The RBA cut the cash rate for the first time in 18 months last week to an all time low of 2.25 per cent.
He said the bank's forecasts also released last week in its quarterly monetary policy statement assume a lower path for interest rates and a lower exchange rate than previously and the ones the board responded to at this month's board meeting.
"These are assumptions rather than forecasts or commitments to a course of action," Mr Stevens said.
He said falls in prices for key export commodities are lowering Australia's terms of trade and the purchasing power of our national income.
"It will continue to constrain income growth for households and mining companies, and revenues for both state and federal governments, over the period ahead," Mr Stevens said.
He said the downswing in capital spending by the resources sector is likely to accelerate this year, as previously forecast.

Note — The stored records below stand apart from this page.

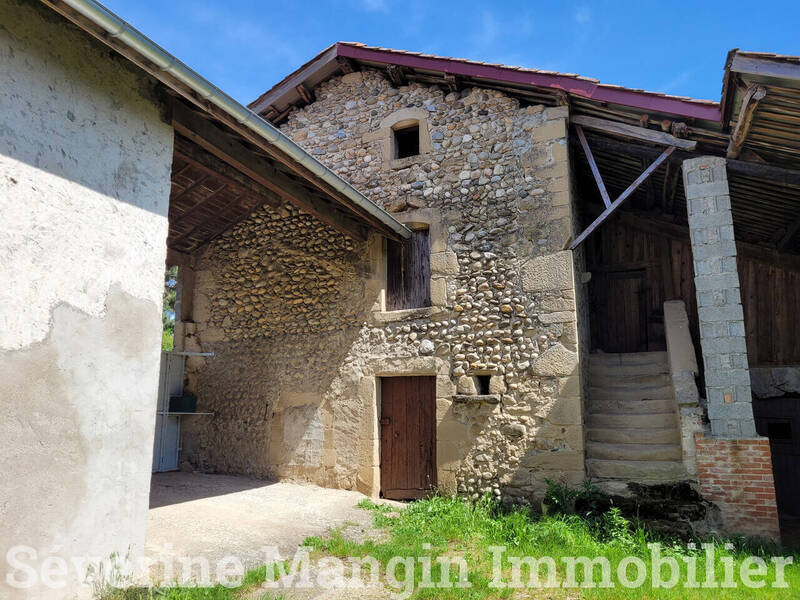 Vente maison 3 pièces 78 m² à Romans-sur-Isère 26100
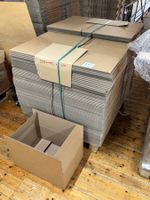 026 Posten Verpackungskarton 590 x 400 x 250 (1Pal)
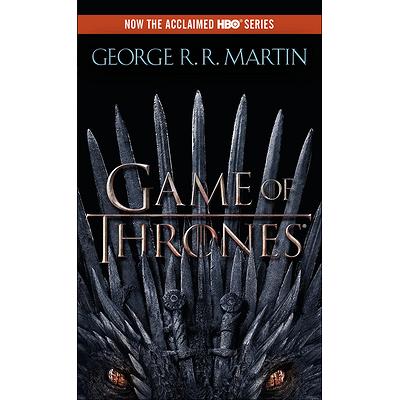 The Official A Game of Thrones Coloring Book: An Adult Coloring Book by  George R. R. Martin, Paperback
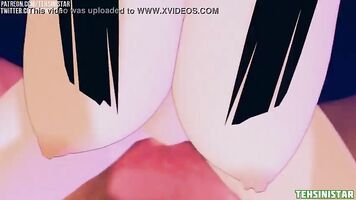 「Lady Satsuki's Private Chamber」by TehSinistar [KiII la KiII SFM Porn] ~LOOP~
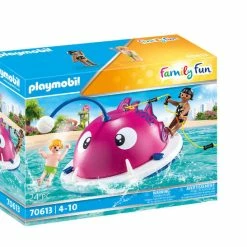 Playmobil - Swimming Island
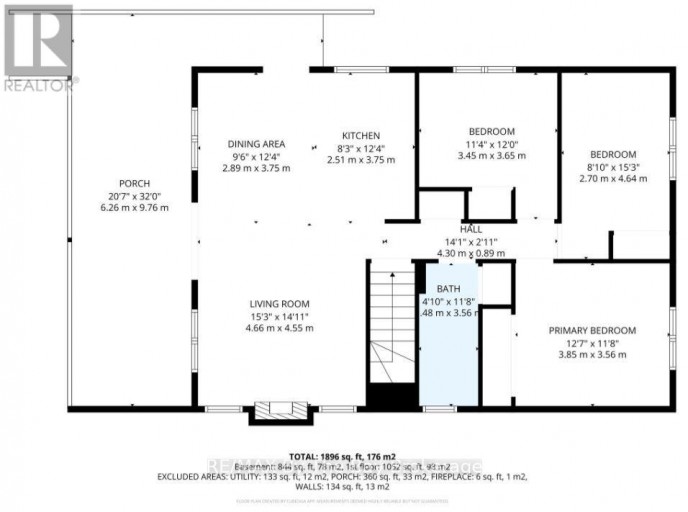 12 5TH LANE, Wasaga Beach, Ontario, L9Z2E9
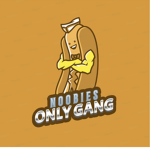 Noobies only gang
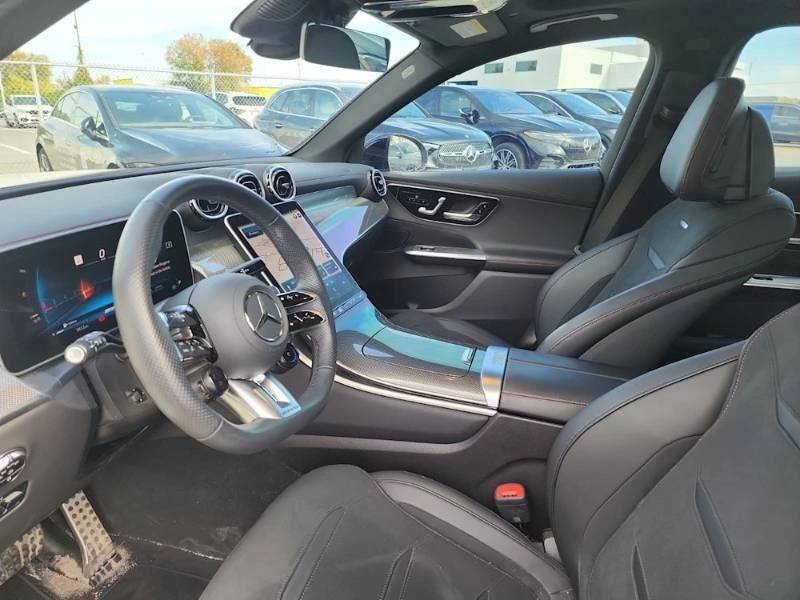 Mercedes-Benz GLC 43 AMG 2024 * CARFAX * ��� ������������ ������ | Mobile.bg � ����������� 7
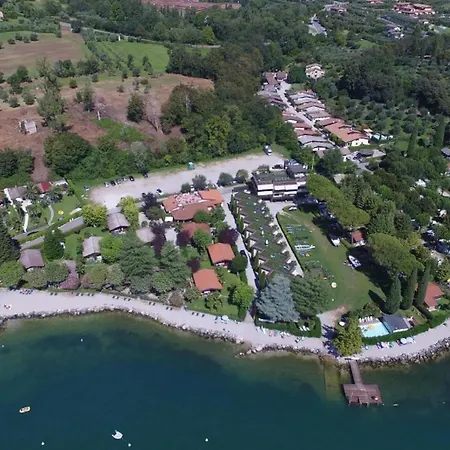 Διαμέρισμα Ein-zimmer-apartment Anna San Felice del Benaco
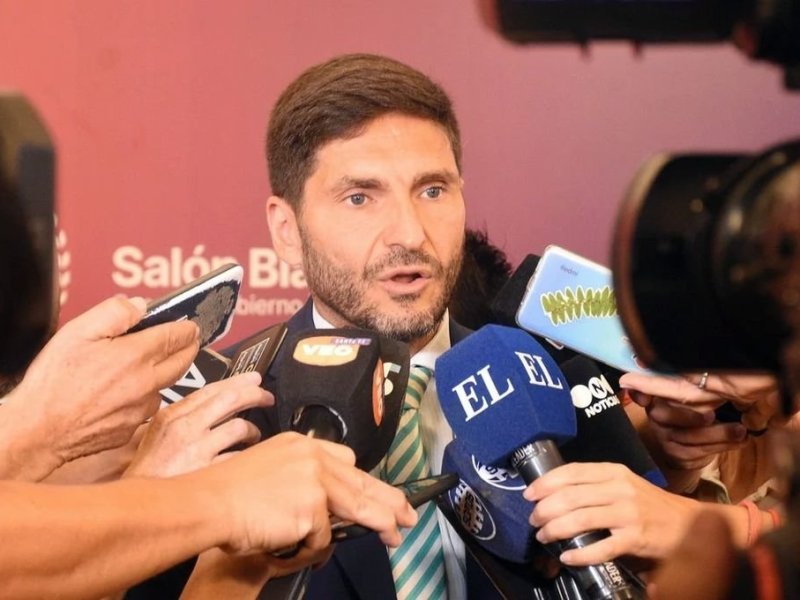 Biocombustibles y retenciones, las batallas de Pullaro en su segundo mes como gobernador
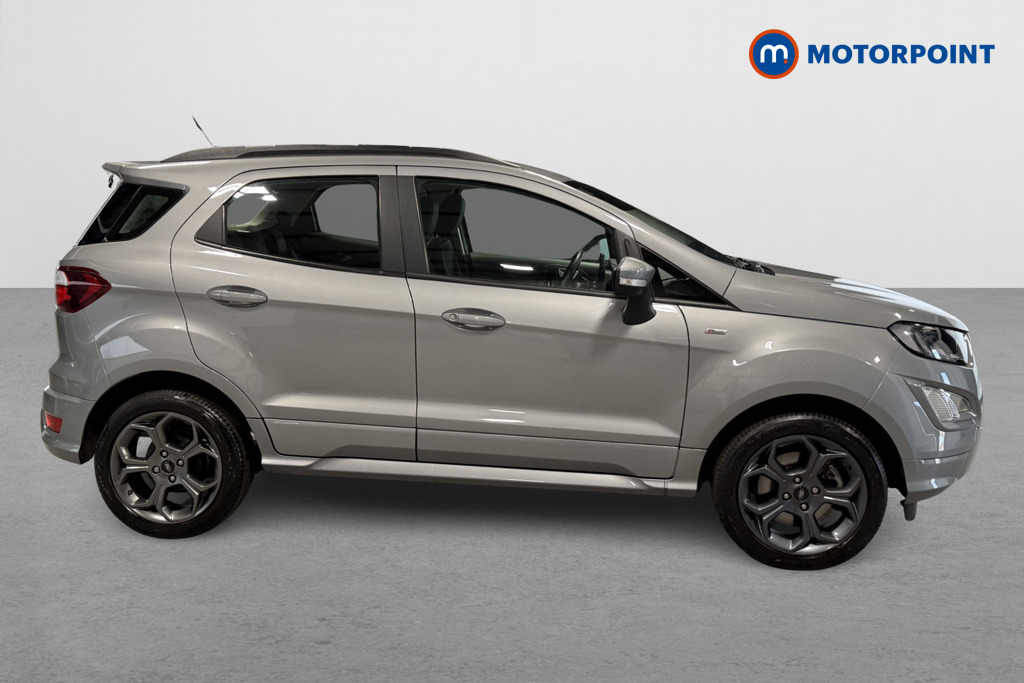 Ford Ecosport St-Line Manual Petrol SUV - Stock Number (1626273) - Drivers side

"The recent declines in commodity prices don't change it, though they do reinforce that this trend is well and truly under way," he said.
He said the lower exchange rate is likely to help export volumes outside the resources sector, noting better trends in some services export categories including tourism and education.
House price increases in Sydney are very strong and pretty solid in Melbourne but are much more mixed elsewhere.
Mr Stevens said excluding Sydney, the rise for Australia as a whole over the past year was about five per cent, a healthy pace but not alarming.
But developments in the Sydney market remain concerning.
"In the end we did not see these trends as overwhelming a case for a further easing in monetary policy that was made on more general grounds," he said.
He welcomed steps by regulators to manage potential risks posed by the rise in lending to investors in housing.